§ Activity
Please repeat exactly, and only, the lines from the one containing "The Misadventures of Widowhood" through the end of the records below, with no pictures.

┌─ Exercise material

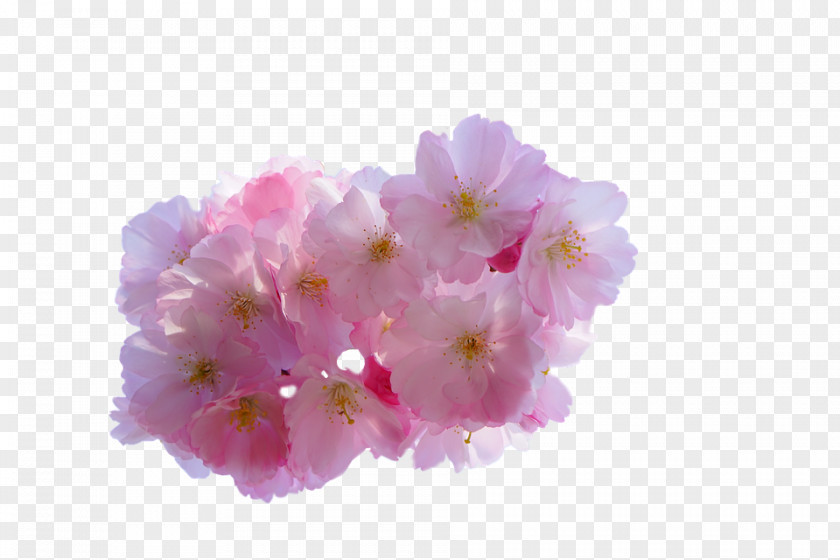 Cherry Blossom Flower Yoshino PNG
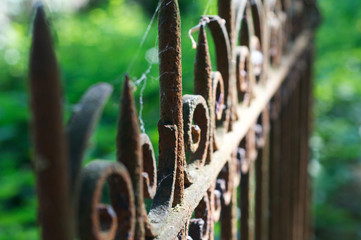 old rusty lattice on a graveyard with cobweb of spider diagonally green background blurred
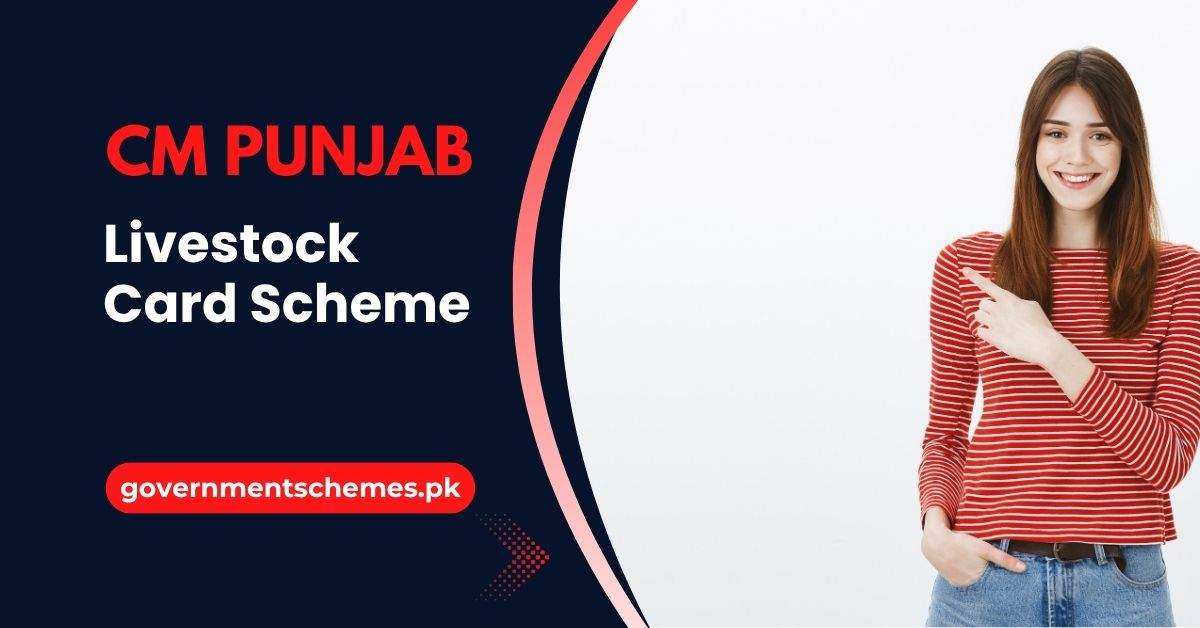 Free-CM-Punjab-Livestock-Card-Scheme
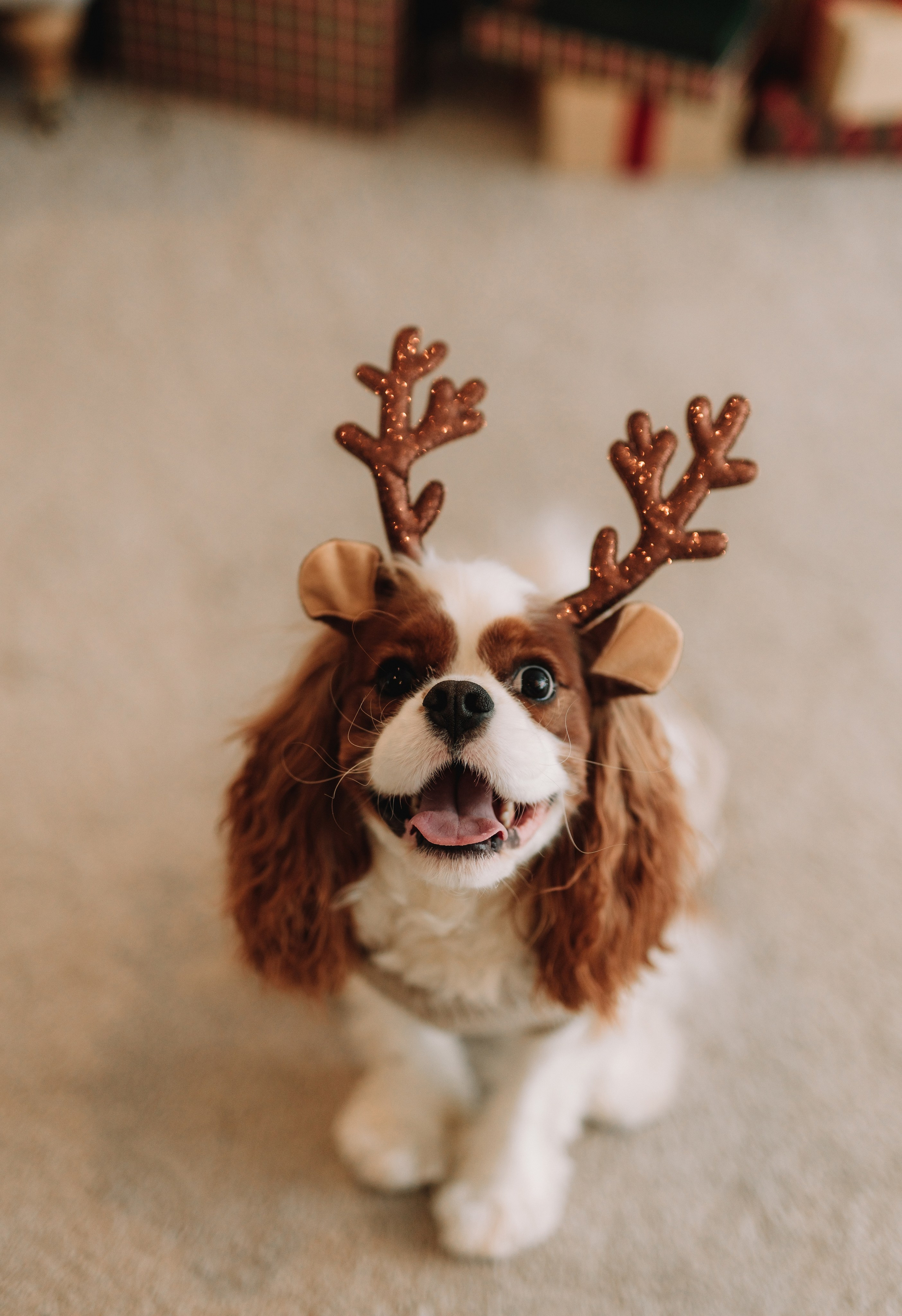 Женя Вика и Дэнни. Свадебный фотограф СПб Евгения Орлова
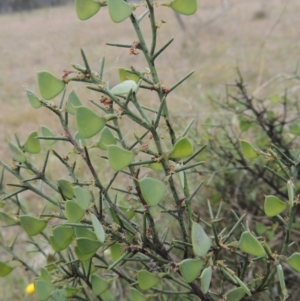 Daviesia genistifolia at Bonner, ACT - 4 Nov 2023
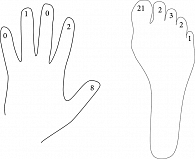 Рис. 3. Количество случаев ПМ на пальцах рук и ног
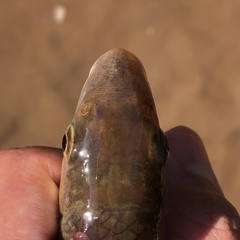 Moxostoma erythrurum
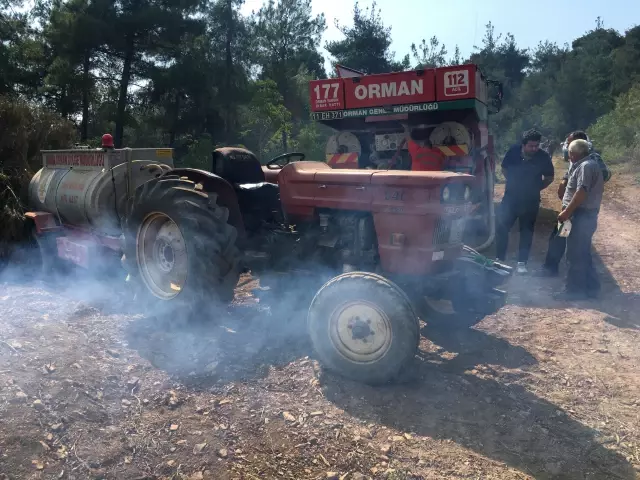 Soğutma çalışması süren ormanlık alandaki yangın yeniden alevlendi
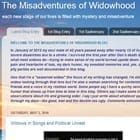 The Misadventures of Widowhood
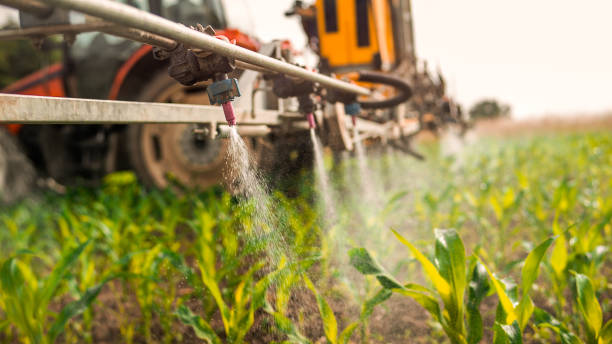 Reliable Dewey, OK Pest Control Solutions
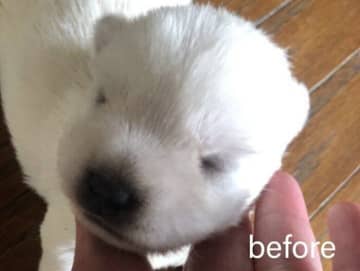 まだ目が開いていなかった“白玉”のような生後2週間のウエスティ子犬→約半年でスクスクと成長！飼い主にとって「かけがえのない存在」に！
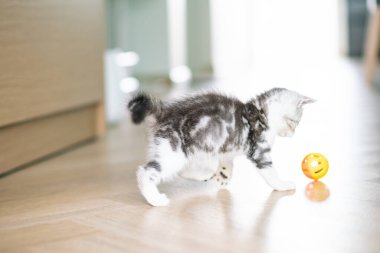 Şirin gümüş tekir İskoç kedisi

└─

§ Result of this task
 The Misadventures of Widowhood
 Reliable Dewey, OK Pest Control Solutions
 まだ目が開いていなかった“白玉”のような生後2週間のウエスティ子犬→約半年でスクスクと成長！飼い主にとって「かけがえのない存在」に！
 Şirin gümüş tekir İskoç kedisi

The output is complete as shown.